Please read the records below and return each line holding the string "Cherokee".

* _Data for the task_:
# # # # # # #

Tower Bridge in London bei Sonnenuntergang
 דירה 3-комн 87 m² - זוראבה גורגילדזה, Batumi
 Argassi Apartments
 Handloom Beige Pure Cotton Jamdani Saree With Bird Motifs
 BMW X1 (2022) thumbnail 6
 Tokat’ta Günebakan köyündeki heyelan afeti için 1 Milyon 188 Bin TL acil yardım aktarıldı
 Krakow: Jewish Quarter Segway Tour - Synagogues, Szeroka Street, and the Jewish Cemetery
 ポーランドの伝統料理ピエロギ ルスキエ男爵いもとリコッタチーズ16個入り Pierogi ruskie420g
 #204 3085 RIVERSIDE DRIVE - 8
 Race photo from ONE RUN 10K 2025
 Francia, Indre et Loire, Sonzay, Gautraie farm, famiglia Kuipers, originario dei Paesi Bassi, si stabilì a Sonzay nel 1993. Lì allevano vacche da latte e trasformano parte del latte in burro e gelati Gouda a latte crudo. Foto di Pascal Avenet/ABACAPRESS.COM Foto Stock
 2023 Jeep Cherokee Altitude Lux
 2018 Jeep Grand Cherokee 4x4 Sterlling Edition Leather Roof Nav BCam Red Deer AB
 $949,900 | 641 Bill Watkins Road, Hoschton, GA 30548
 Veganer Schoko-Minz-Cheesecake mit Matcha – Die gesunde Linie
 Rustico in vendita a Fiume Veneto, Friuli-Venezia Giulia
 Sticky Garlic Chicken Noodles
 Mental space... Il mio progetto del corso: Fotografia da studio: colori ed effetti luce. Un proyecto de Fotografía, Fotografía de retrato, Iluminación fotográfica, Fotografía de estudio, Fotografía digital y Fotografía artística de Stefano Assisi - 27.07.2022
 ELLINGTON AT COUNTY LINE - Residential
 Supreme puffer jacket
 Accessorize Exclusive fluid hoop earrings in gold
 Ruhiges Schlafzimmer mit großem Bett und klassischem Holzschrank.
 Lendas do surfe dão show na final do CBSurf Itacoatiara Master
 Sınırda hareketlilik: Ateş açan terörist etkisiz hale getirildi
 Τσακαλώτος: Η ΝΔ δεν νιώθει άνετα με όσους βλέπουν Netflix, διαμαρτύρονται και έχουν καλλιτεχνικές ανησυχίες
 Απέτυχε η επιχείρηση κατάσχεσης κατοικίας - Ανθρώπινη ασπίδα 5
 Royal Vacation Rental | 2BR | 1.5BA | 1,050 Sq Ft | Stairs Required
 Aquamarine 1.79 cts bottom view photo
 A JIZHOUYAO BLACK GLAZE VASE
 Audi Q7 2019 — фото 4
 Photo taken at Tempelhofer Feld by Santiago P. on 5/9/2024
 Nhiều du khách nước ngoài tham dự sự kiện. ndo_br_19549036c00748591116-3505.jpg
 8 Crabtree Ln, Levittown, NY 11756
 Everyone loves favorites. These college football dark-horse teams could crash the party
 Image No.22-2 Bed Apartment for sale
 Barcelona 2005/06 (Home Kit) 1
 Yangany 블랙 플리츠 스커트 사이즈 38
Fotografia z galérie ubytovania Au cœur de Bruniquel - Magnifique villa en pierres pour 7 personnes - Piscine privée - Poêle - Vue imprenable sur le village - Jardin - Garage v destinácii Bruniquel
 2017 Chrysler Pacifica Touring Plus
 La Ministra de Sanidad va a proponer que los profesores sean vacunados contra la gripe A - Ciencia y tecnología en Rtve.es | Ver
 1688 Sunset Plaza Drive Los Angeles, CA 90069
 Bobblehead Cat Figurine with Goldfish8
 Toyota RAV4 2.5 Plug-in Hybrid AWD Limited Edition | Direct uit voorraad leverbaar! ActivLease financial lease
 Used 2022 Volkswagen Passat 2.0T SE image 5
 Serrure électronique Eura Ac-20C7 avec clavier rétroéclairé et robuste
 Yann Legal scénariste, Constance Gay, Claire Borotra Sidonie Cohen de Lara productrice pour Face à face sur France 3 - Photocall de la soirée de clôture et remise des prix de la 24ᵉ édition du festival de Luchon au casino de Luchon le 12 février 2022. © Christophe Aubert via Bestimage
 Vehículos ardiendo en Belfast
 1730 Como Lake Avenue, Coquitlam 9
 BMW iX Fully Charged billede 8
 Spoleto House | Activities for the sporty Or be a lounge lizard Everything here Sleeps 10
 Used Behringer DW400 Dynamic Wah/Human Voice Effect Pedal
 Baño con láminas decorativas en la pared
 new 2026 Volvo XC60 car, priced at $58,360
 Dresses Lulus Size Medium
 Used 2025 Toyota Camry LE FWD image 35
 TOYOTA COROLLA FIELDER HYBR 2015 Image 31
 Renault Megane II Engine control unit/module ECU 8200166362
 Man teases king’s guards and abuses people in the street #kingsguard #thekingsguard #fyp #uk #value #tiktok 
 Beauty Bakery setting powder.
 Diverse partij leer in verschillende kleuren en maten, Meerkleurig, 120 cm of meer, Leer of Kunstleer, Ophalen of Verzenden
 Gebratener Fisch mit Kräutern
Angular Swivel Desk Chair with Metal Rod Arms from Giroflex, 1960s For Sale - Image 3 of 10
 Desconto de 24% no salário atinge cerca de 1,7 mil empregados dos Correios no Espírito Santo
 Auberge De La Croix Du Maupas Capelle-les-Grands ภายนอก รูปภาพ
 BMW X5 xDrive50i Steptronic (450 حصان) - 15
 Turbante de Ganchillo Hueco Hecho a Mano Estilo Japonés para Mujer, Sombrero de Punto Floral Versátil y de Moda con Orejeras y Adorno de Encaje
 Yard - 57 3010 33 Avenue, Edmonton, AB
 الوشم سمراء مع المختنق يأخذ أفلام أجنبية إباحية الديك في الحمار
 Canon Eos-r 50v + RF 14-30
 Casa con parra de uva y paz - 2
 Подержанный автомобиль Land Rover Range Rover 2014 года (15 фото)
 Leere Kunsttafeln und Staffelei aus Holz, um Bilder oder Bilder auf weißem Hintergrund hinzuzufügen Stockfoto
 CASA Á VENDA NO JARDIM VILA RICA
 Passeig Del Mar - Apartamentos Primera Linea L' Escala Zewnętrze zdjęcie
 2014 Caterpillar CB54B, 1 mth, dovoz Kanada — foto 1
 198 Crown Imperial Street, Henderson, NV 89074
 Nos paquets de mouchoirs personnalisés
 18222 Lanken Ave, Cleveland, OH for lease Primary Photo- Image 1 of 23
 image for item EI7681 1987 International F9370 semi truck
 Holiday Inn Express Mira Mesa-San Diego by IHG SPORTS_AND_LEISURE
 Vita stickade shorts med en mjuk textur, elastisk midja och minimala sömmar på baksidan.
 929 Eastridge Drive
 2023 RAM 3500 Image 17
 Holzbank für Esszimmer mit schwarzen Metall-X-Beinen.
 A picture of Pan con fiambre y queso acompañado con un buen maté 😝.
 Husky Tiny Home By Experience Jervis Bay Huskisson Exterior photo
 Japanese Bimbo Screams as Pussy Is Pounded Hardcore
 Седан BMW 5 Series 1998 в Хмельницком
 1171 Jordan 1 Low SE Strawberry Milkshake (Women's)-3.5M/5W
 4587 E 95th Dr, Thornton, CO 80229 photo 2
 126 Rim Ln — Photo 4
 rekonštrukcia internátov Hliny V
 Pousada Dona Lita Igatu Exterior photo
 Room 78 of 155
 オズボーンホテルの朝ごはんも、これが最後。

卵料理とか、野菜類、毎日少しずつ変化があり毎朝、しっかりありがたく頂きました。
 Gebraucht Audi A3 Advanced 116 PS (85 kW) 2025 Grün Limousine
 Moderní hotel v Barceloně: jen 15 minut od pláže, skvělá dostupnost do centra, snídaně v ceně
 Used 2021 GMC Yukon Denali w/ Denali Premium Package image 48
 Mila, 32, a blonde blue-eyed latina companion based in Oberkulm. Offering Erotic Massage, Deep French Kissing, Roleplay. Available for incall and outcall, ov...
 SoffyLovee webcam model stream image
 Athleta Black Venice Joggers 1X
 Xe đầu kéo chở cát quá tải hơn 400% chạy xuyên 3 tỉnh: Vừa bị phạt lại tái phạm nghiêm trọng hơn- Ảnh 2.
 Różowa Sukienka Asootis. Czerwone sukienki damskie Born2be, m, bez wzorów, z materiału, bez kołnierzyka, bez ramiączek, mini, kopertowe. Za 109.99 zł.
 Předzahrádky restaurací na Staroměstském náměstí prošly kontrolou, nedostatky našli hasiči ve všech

# # # # # # #

* _Your response_:
 2023 Jeep Cherokee Altitude Lux
 2018 Jeep Grand Cherokee 4x4 Sterlling Edition Leather Roof Nav BCam Red Deer AB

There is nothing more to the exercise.